Landfills, climate change fueling human-polar bear conflicts in Arctic: report
Global News
Arviat, a Nunavut community along the western coast of Hudson Bay, and communities in northern Ontario are starting to see polar bears come inland, specifically around landfills.
Climate change and human impacts on the land are behind a growing number of encounters between people and polar bears around the Arctic, new research concludes.
“What we have seen is an increase in intensity (of encounters) and increased occurrences in places where polar bears don’t normally occur,” said Geoff York, a researcher with Polar Bears International and co-author of a new paper published in Oryx, a journal from Cambridge University Press.
Although no agency keeps a formal count, York said conversations with front-line managers in all countries with polar bears suggest that run-ins with people are increasing — especially around growing communities and their landfills.
“Polar bears will come a long distance if they can smell food,” York said. “If they can find a reliable source of calories, they will go to extraordinary measures to come back.”

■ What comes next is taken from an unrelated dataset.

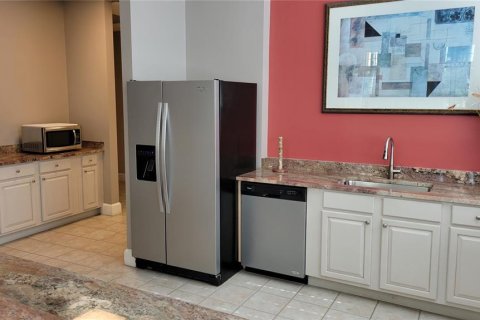 Condo in Sarasota, Florida, 2 bedrooms  № 813410 - photo 17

Open landfills are common across the North.
Arviat, a Nunavut community along the western coast of Hudson Bay, has an open landfill and a population that has grown 12 per cent since 2016. A 2014 survey found the number of polar bears using the dump grew each year since record keeping began in the 1960s —even though the local bear population is shrinking.
Communities in northern Ontario are also starting to see bears come inland, specifically around landfills.
Climate change is also playing a role.